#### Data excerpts
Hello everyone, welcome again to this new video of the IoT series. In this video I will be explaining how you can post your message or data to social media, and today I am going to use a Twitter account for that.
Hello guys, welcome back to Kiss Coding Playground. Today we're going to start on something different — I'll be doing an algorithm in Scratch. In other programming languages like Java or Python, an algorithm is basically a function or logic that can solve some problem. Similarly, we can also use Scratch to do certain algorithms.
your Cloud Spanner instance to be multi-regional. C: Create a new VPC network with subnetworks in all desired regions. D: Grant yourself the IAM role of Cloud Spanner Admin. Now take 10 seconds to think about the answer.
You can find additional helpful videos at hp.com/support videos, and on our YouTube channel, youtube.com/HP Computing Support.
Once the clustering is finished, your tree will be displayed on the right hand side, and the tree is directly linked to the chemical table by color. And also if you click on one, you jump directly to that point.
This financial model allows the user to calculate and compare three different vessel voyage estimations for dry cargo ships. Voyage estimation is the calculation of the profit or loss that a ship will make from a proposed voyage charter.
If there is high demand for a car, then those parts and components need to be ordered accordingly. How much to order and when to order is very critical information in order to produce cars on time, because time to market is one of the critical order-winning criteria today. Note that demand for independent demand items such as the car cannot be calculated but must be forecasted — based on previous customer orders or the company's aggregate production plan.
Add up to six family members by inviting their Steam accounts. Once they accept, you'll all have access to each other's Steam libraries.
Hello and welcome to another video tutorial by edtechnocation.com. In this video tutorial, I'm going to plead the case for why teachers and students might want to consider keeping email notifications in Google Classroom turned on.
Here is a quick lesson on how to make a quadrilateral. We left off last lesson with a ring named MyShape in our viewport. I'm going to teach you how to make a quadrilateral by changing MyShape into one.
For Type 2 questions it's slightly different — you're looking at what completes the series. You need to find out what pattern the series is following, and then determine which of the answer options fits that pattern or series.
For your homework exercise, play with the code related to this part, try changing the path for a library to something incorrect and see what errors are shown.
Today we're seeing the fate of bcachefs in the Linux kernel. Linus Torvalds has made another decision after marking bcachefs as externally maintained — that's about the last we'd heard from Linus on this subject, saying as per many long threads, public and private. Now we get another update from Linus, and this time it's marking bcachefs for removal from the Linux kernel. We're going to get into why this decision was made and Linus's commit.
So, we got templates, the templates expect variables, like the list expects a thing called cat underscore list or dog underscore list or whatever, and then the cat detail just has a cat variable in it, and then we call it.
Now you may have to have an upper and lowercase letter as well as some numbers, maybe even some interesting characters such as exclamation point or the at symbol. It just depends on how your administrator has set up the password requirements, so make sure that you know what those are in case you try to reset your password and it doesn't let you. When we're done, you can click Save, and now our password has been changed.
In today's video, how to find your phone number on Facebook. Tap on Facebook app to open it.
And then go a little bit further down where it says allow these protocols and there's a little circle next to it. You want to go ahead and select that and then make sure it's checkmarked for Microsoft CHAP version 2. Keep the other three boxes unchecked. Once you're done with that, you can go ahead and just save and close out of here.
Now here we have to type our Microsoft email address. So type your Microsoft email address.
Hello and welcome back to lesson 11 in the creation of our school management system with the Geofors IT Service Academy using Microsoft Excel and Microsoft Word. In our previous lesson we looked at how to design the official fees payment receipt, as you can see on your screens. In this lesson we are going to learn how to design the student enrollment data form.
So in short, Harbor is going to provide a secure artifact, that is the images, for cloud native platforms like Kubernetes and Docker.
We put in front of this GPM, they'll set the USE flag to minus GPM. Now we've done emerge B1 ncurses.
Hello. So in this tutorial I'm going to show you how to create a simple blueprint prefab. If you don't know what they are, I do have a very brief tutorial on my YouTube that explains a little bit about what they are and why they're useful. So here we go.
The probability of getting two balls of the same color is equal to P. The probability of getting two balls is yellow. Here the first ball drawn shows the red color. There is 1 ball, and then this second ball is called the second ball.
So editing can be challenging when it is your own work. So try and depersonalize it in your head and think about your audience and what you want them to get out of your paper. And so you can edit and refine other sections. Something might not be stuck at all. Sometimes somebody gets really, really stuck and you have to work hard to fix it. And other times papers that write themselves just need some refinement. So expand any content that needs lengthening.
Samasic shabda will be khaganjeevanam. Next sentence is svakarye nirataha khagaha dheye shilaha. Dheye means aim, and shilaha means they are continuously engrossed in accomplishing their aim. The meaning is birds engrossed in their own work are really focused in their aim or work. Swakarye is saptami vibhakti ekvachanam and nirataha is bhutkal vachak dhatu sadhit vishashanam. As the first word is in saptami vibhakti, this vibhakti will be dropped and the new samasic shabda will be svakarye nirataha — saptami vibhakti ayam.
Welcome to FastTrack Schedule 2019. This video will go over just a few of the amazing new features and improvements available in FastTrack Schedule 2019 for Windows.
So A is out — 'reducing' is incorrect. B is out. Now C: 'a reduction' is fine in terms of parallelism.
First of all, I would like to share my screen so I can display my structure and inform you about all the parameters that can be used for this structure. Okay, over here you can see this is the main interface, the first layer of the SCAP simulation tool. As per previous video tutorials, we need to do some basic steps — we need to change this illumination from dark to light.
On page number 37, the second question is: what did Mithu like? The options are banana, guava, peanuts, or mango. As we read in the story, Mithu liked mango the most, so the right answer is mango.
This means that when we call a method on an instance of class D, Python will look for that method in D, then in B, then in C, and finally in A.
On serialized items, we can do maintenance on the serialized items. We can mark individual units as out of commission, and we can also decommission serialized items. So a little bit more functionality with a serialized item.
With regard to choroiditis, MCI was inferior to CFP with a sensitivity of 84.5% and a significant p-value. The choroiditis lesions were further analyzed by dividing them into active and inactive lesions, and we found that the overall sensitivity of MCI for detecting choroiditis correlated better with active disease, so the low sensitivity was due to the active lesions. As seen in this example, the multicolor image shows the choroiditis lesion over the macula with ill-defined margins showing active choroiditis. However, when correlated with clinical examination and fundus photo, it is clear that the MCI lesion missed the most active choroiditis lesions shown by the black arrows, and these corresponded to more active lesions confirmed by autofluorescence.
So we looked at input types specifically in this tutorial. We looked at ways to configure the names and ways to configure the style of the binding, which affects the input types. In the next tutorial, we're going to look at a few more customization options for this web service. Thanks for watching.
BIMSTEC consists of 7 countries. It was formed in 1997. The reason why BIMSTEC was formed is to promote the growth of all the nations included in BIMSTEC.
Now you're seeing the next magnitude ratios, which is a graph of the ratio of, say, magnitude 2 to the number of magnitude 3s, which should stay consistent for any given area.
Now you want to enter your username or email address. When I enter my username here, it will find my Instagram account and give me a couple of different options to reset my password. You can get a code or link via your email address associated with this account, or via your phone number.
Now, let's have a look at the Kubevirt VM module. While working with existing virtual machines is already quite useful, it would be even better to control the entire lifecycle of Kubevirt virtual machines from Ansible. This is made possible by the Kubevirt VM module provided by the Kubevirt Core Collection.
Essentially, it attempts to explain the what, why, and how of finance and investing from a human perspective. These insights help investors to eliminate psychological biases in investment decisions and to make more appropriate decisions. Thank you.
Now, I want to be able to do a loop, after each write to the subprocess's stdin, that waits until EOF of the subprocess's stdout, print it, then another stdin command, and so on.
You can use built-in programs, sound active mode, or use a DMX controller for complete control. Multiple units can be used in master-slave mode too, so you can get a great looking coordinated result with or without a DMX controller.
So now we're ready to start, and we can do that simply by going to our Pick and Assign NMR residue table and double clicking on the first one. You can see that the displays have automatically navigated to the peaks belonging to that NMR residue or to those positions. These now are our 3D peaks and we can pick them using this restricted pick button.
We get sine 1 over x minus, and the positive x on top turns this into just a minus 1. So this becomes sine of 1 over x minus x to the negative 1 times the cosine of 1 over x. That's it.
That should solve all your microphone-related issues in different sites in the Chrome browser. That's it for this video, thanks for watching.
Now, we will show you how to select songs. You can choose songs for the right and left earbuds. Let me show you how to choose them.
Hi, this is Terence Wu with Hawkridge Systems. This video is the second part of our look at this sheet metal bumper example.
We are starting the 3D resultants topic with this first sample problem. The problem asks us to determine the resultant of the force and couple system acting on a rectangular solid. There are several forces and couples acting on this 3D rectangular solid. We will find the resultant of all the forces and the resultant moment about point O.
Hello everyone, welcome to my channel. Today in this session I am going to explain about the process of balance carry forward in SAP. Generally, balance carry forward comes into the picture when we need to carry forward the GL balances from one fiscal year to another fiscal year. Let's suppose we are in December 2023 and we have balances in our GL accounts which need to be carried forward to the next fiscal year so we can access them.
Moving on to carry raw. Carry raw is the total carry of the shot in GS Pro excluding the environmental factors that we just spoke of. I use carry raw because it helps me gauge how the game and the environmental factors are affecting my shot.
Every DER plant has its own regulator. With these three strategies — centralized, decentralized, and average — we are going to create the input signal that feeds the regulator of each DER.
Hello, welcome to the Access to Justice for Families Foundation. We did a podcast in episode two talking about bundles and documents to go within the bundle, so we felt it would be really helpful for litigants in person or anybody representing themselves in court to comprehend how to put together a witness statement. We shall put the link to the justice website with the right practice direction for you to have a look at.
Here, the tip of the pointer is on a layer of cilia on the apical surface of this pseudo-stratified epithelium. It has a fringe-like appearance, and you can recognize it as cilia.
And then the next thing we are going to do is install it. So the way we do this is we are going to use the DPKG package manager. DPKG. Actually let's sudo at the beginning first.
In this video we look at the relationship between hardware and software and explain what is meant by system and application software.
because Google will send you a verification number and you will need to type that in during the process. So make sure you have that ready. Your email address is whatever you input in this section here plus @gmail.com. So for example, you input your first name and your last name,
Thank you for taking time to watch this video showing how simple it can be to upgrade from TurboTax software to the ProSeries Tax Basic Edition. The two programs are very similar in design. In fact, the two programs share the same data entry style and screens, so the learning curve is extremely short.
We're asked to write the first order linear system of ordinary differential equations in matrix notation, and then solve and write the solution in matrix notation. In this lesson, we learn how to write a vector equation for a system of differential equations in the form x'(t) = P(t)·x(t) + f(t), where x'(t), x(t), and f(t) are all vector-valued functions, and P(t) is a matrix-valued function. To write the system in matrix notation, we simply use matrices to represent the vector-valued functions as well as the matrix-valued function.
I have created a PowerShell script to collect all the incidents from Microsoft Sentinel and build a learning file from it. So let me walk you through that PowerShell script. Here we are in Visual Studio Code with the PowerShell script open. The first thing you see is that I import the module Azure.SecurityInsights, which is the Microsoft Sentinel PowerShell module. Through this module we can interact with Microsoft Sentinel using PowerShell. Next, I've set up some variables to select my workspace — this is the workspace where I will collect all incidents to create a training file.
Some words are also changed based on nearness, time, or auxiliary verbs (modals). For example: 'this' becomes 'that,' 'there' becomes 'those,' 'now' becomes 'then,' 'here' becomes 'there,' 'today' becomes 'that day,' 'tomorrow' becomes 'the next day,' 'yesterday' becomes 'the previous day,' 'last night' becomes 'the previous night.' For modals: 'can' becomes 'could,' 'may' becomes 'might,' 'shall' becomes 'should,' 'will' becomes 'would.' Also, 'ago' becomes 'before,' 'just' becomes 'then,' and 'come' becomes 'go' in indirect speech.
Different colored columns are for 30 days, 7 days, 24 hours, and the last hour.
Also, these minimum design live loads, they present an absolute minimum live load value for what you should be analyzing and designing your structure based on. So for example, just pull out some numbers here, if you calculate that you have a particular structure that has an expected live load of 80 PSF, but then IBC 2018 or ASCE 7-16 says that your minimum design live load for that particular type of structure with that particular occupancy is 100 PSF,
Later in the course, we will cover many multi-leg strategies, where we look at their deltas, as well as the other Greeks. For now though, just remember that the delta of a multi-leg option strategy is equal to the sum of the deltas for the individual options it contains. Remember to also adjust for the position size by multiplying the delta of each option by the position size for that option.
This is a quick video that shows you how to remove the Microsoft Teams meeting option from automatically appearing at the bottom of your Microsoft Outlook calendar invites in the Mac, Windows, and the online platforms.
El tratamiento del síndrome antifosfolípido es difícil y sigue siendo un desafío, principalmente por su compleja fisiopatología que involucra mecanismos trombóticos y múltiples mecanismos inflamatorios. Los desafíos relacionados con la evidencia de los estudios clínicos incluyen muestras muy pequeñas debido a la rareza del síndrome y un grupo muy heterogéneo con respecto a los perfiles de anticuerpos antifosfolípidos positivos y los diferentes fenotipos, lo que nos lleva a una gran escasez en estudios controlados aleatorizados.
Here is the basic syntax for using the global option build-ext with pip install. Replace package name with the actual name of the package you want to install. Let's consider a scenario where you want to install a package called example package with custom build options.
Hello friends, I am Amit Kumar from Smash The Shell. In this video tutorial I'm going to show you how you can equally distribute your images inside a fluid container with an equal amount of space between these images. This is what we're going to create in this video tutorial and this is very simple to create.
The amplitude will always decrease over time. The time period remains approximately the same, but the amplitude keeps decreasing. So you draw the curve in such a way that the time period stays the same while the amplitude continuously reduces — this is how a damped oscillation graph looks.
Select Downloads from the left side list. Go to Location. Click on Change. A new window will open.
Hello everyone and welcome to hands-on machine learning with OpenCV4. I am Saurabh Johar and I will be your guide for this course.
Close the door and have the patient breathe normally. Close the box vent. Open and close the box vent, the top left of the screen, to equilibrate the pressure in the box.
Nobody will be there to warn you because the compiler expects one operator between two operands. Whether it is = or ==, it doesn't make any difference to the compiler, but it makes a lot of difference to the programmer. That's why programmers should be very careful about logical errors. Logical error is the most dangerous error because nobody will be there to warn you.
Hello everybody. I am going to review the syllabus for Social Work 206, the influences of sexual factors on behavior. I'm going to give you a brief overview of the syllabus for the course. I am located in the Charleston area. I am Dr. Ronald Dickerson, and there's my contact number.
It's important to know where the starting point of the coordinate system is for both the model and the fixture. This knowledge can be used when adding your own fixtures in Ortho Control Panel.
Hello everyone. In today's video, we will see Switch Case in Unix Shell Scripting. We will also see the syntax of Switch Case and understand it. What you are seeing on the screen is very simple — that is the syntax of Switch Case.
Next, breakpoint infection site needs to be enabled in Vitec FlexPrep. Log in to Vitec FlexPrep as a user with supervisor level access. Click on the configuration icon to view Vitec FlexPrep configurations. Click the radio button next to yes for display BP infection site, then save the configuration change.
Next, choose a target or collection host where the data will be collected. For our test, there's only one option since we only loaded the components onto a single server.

#### TASK DESCRIPTION
What is needed is each line from the records with the word "carry" in it.

#### ANSWER SPACE
Hello everyone, welcome to my channel. Today in this session I am going to explain about the process of balance carry forward in SAP. Generally, balance carry forward comes into the picture when we need to carry forward the GL balances from one fiscal year to another fiscal year. Let's suppose we are in December 2023 and we have balances in our GL accounts which need to be carried forward to the next fiscal year so we can access them.
Moving on to carry raw. Carry raw is the total carry of the shot in GS Pro excluding the environmental factors that we just spoke of. I use carry raw because it helps me gauge how the game and the environmental factors are affecting my shot.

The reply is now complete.